Rape and Reality TV

On Sunday night 15th January, an alleged rape was broadcast live on the current, twelfth season of Big Brother Brazil. Meanwhile, one week later, in the UK Celebrity Big Brother House one housemate pulled down another’s trousers. Both events raise questions about gender, power and reality in contemporary society.

In Brazil, two contestants, Daniel Echaniz, and Monique Amin, have been removed from the Big Brother house while police investigate claims that Echaiz raped Amin after an alcohol-fuelled party on Sunday night. Infrared night cameras filmed Echaniz getting into Amin’s bed and then  appearing to have intercourse with her. Throughout the incident Amin does not move – she appears to be asleep or unconscious and she remembered little when questioned about it the next day in the diary room.

As in Raw Deal: A Question of Consent, Billy Corben’s documentary about another alleged rape for which there is a video record, there’s no consensus in Brazil about what ‘really’ happened. Many, including Echaniz’s mother, have accused the show of racism in their treatment of mixed race Echaniz and the accusation against him of raping white Amin. Even Amin herself says she was not raped and is not pressing charges, although, because of the public nature of the event, the police are continuing to pursue the case.

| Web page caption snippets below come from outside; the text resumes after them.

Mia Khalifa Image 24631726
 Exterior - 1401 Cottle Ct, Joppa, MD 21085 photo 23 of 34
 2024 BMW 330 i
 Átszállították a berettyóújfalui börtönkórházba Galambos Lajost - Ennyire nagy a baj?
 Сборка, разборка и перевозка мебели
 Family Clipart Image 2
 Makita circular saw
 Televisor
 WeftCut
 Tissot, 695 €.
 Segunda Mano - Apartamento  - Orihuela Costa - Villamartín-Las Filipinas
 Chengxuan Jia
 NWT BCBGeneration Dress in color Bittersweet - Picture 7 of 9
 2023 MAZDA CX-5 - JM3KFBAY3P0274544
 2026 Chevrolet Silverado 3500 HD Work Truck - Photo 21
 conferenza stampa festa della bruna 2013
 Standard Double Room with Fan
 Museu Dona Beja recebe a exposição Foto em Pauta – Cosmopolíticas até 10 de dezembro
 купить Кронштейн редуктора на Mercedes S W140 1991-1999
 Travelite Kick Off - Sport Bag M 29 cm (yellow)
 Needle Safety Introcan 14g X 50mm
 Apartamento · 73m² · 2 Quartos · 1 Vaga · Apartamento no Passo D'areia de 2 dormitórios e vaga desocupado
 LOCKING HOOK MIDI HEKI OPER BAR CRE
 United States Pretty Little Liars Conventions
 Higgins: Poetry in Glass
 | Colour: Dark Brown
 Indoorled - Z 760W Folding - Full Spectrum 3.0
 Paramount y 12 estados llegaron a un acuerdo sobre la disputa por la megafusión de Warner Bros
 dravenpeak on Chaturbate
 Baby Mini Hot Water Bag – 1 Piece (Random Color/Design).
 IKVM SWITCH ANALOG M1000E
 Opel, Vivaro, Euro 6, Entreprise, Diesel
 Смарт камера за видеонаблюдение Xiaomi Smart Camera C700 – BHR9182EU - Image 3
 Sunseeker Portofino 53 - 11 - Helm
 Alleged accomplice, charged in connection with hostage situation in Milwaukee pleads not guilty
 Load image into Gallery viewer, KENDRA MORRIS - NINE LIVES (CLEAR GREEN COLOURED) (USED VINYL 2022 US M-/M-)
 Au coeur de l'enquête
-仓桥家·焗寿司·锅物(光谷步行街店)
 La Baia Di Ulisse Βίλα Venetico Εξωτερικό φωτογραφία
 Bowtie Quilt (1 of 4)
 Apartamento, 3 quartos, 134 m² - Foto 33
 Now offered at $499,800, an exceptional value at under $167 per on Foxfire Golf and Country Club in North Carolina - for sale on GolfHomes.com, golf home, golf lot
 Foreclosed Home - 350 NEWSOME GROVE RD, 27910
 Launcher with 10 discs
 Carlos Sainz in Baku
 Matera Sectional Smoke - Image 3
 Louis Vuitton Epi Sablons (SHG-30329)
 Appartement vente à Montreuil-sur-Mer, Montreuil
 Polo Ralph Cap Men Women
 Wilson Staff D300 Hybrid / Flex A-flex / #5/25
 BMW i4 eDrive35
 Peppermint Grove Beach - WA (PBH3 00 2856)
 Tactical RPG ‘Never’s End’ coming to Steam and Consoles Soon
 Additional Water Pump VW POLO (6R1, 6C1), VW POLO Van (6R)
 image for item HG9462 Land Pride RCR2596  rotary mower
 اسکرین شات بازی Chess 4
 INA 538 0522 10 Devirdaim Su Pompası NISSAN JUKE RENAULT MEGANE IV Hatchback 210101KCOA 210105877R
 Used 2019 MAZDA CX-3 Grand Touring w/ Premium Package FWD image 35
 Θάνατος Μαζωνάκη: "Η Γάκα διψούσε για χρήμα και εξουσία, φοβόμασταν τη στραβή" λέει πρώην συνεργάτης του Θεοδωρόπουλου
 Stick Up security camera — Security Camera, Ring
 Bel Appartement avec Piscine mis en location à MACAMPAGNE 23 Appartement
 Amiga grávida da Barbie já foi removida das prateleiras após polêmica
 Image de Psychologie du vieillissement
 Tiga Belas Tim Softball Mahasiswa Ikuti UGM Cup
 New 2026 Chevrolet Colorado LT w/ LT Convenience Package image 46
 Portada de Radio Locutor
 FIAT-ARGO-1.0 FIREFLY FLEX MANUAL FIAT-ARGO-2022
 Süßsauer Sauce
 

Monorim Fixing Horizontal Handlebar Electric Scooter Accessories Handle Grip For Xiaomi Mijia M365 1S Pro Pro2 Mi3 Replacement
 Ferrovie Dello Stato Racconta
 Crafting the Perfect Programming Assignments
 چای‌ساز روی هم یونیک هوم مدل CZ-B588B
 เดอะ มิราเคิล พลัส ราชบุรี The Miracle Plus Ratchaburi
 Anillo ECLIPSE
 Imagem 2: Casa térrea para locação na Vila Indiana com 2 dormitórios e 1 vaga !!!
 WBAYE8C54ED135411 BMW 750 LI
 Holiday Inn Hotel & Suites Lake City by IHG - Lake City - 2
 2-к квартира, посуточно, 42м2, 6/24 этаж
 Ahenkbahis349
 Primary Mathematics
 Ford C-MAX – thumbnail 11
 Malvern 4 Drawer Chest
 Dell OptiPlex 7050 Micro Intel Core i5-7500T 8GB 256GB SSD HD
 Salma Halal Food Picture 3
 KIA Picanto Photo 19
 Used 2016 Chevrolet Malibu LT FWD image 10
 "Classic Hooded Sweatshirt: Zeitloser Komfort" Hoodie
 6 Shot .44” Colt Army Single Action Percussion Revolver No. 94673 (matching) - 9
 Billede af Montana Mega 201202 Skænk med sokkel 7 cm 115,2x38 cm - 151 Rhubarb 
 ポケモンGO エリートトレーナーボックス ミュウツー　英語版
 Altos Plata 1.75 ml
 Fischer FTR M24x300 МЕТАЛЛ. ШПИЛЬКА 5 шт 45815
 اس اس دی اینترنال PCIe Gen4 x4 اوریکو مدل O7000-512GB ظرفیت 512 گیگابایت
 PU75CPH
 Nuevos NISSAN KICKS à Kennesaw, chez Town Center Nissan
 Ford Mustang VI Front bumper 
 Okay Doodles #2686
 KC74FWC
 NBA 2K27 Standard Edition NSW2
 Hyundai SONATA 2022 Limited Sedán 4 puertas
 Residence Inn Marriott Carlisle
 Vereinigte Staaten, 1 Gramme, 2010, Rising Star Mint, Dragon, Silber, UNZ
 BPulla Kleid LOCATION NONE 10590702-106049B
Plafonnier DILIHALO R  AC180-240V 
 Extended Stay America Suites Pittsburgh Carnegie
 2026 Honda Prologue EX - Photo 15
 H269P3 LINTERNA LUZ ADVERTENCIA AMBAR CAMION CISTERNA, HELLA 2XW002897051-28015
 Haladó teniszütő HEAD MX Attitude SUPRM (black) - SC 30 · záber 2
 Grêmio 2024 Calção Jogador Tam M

The producers did remove Echaniz from the house but only after being given an ultimatum: they either kick him out or stop broadcasting the show. They’ve said that his behaviour “was seriously inadequate” but have steered clear of accusing him of rape. As with the controversial racist bullying of Bollywood actress Shilpa Shetty in the UK house in 2007, this incident raises questions about the show’s existence and value. Should it be banned or is it helpful to open up public discussion around issues like racist abuse and sexual violence? How do we allocate responsibility for what happens in the house between the housemates, the producers and wider society? In Brazil, as Victory Oyeleke asks, did producers create a sexually charged environment (and fail to intervene that night) to meet the viewing public’s desire for drama and the TV company’s demand for ratings?

In the UK we too seem to have problems dealing with sexual violence. Although estimates suggest that only 5% of rapes are even reported to police, of those that are as few as 6% result in conviction. Celebrity Big Brother UK is coming to its end and, while much less controversial than the Brazilian show,  I think that an incident in the house can can shed light on this appallingly low conviction rate.

On Sunday night, the then remaining four female housemates were drinking and talking when, as a rare treat, producers played music into the house. As Cyndi Lauper sang Girls Just Wanna Have Fun, they danced. Actress and TV presenter, Denise Welch, pulled up her top to reveal her bra and then she pulled down ex-playmate Karissa Shannon’s trousers. Shannon was offended and it all kicked off with other housemates becoming embroiled in a bitter argument during which three of the women asked to leave.

I don’t think that Welch intended any harm but what I find most interesting and disturbing is the public reaction to the event that’s circulated via the celebrity media and the associated discussion show Big Brother’s Bit on the Side. For many the fact that Shannon has acquired her fame by using her body, as a Playboy centrefold and occupant for a long time of Hugh Heffner’s Playboy mansion, seems to take away any right to be upset by Welch’s behaviour. The logic seems to run: she’s taken her clothes off for money and has traded on her body so she has lost her right to object to having her pants pulled down on TV. Nicola Mclean, another housemate and an ex-topless model, challenged these judgements both inside and outside of the house. She’s someone I’ve never thought of as a feminist but who, unusually for a young woman, does use this label about herself. She pointed out that to question Shannon’s right to object to what was done to her is analogous to saying that a stripper can’t be raped. If a woman who’s done glamour modelling loses her right to consent to being stripped on film then how many must be the myriad ways in which a woman can be seen by a jury as losing her right to consent to sex.